On Fri, Nov 22, 2013 at 11:45:58AM +0000, Paul Turner wrote:
On Fri, Nov 22, 2013 at 1:57 AM, Morten Rasmussen morten.rasmussen@arm.com wrote:
On Thu, Nov 21, 2013 at 12:22:06PM +0000, Alex Shi wrote:
Add Daniel and remove Diane. sorry.
On 11/21/2013 04:34 PM, Alex Shi wrote:
When I read the runnable load avg code, I found the task's avg.load_avg_contrib mainly updated in enqueue/dequeue, and the 'curr' task in sched_tick. So, if a sleep long time task is waked/added and kept on a cpu, but the task is never be the 'curr' in sched_tick. Then the task's load contrib will never be updated and keep small.
what I missed? or Is it really?
No -- This isn't quite how it works.
It is correct that the task load_avg_contrib is updated at enqueue/dequeue and when it happens to be 'curr' at the sched_tick. Additionally it is updated every time the task is descheduled as part of put_prev_entity() which is called from __schedule() (through other functions).
load_avg_contrib should always be quite close to the 'true' value as long as it is running. It would be updated at least once per sched period.
load_avg_contrib is not updated while the task is sleeping. It will be updated when the task is reinserted into a runqueue at wakeup. That fact that is retains its old (non-decayed) value is a very useful feature as it allows us to see how the task behaved last time it ran no matter how long it has been sleeping
A task does not maintain any non-decayed values. While a task is sleeping its value is decaying. We amortize the computation cost for this as below, but when T rewakes we will fully account the decay.
Yes, I agree that everything is accounted for as you explain below. What I'm referring to is the way it is implemented. I should have made that more clear in my response.

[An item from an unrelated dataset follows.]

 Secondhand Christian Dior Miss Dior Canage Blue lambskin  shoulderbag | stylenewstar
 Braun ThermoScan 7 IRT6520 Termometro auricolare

If you read the load_avg_contrib value during wake up [in select_task_rq_fair()] you get the non-decayed value. The decay is not accounted for until the task is inserted into a runqueue. The load_avg_contrib is not used until it is updated, so it is not a problem in any way.
I just wanted to point out that this implementation detail is very useful for making energy-aware decisions in the wake-up load-balancing [select_task_rq_fair()].

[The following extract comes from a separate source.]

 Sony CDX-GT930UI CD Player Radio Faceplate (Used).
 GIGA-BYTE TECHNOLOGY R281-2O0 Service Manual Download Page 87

That is not currently exploited in the mainline scheduler, but it is very important for energy-aware scheduling (and big.LITTLE scheduler support).
For example, webbrowser rendering it quite cpu intensive but doesn't happen very often. So its 'true' load_avg_contrib would be 0, but since it isn't updated we can see that it ran for a long time last time it was scheduled and schedule it on an appropriate cpu instead of assuming that it is a small task.
We do track the load average while tasks are sleeping. However, much care must be taken in doing this.
Suppose we iterated all tasks in the system, updating their load average; regardless of whether they were running. This would be O(n) by tasks and tremendously expensive as many tasks enter the system. Instead we do something more subtle.
A tasks load average is: L(t) = \Sum (r_i/1024) * k^i where k^32 ==1/2
Where \u_i is the usage in the most recent 1024 us, when we add a new observation, we relabel, u0 becomes u1, etc.
u_i = r_i/1024
Correct me if I'm wrong.
This has the nice property that, given the most recent observation: L(t) = <recent> + k * L(t)' [ Where L(t)' is L(t) before the most recent observation. ]
<recent> = u0
Now, supposing a task is blocked for the entire recent period, then r_i (the time it was runnable) == 0.
Thus, L(t) = k * L(t)'
Now, we can exploit this.
Let B(n) = \Sum all blocked tasks on cpu n
Then, we can discount every task accumulated into B(n) simply by multiplying by k. [ Note: B(n) is cfs_rq->blocked_load_avg ]
When the task t finally does wake up. We can compute how much it's decayed: L(t) = k^n * L(t)'
In select_task_rq_fair():
load_avg_contrib = L(t)'
but it is updated immediately after to L(t).
Then remove it from B(n), B(n) -= L(t)
And add it back into the runnable average.
Thanks, Morten